Avrupa Konseyinin gayesini; üyeleri arasında daha sıkı bir birlik kurmak olduğunu ve İnsan Hakları ve Ana Hürriyetleri korunma ve gelişmesinin bu gayeye ulaşmak yollarından birini teşkil ettiğini,

dikkat nazarına alarak,

Dünyada barış ve adaletin asıl temelini teşkil eden ve idamesi her şeyin fevkinde olarak, bir taraftan, hakikaten demokratik bir siyasi rejim ve diğer taraftan, insan haklarına müştereken hürmet ve bu konuda ortak bir anlayış esaslarına istinadeden bu ana hürriyetlere derin bağlılıklarını teyid ederek;

Aynı telâkkiyi taşıyan ve ideal ve siyasî ananeler, hürriyete saygı ve hukukun üstünlüğü hususlarında müşterek bir mirasa sahip bulunan Avrupa devletleri hükümetleri sıfatiyle, Evrensel Beyannamede yazılı bazı hakların müştereken sağlanmasını temine yarıyacak ilk tedbirleri almayı kararlaştırarak;

aşağıdaki hususlarda anlaşmışlardır:

İnsan haklarına saygı yükümlülüklüğü

MADDE 1

Yüksek Âkıd Taraflar kendi kaza haklarına tabi her ferde işbu Sözleşmenin birinci faslında tarif edilen hak ve hürriyetleri tanırlar.

BÖLÜM I

Haklar ve Hürriyetler

Yaşama hakkı

MADDE 2

1. Her ferdin yaşama hakkı kanunun himayesi altındadır. Kanunun ölüm cezası ile cezalandırıldığı bir suçtan dolayı hakkında mahkemece hükmedilen bu cezanın infazı dışında, hiç kimse kasten öldürülemez.

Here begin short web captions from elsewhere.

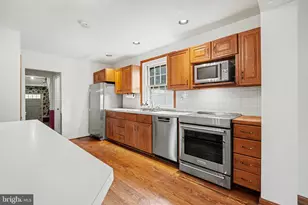 22 Carriage Ln, Norristown, PA 19401 - Photo 25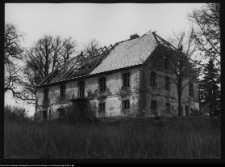 Cisów, dwór Brzostowskich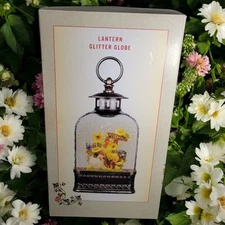 Cracker Barrel Welcome Lantern Light Up Continual Motion Glitter Globe NIB Chick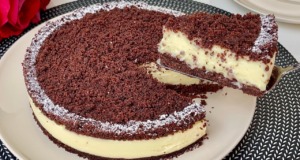 Sušenkový dezert s krémem z mléčné čokolády a mascarpone – Bez pečení! Sušenkový dezert s krémem z mléčné čokolády a mascarpone - Bez pečení!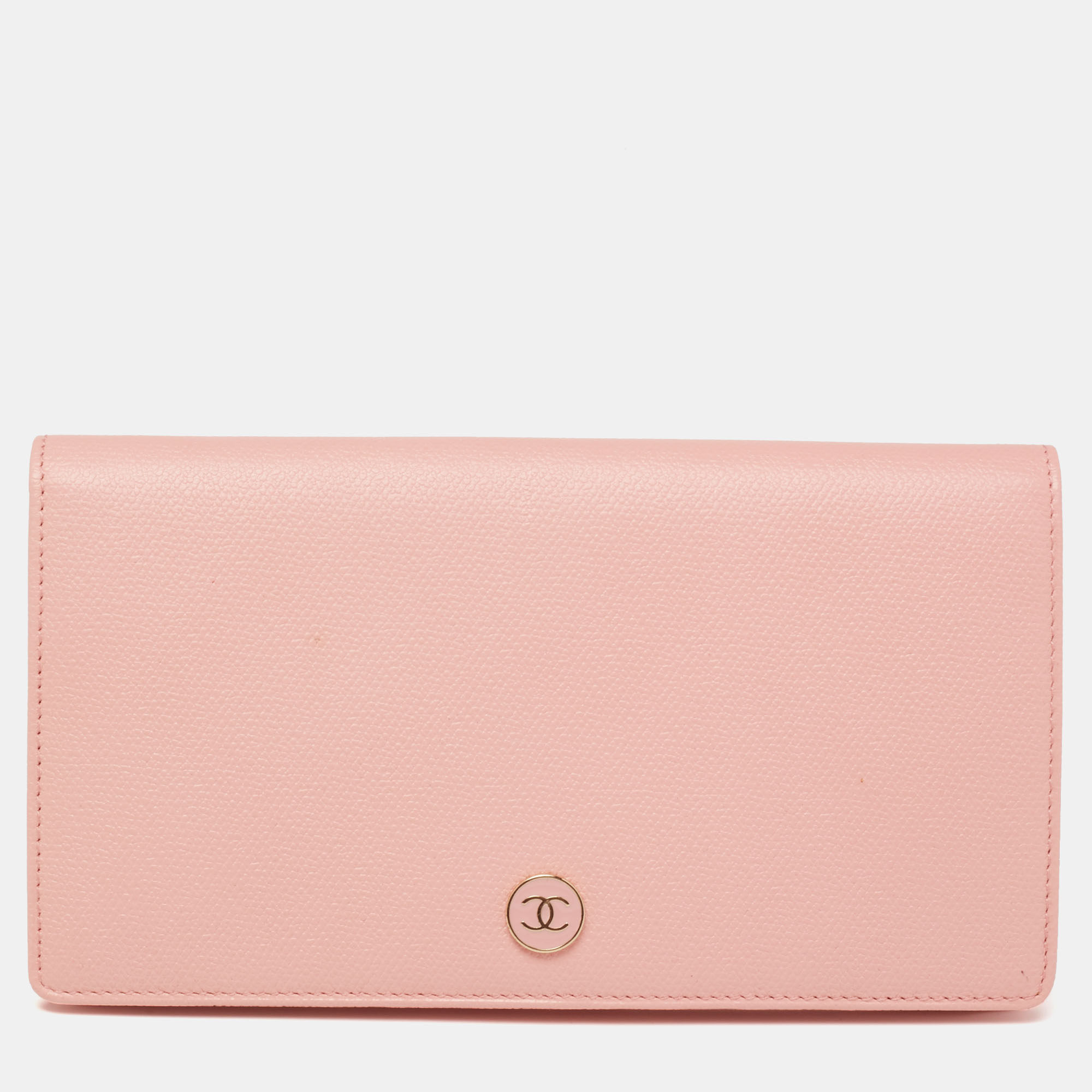 مملوكة مسبقًا Chanel Pink Leather CC Bifold Wallet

2. Öldürme, aşağıda derpiş edilen zaruret halleri dışında, bu maddenin ihlâli suretiyle yapılmış telâkki olunmaz:

a) Her ferdin gayrimeşru cebir ve şiddete karşı korunmasını sağlamak için,

b) Kanun hükümleri dâhilinde bir tevkifi yerine getirmek veya kanuna uygun olarak mevkuf bulunan bir şahsın kaçmasını önlemek için,

c) Ayaklanma veya isyanı, kanuna uygun olarak bastırmak için,

İşkence yasağı

MADDE 3

Hiç kimse işkenceye, gayriinsani yahut haysiyet kırıcı ceza veya muameleye tabi tutulamaz.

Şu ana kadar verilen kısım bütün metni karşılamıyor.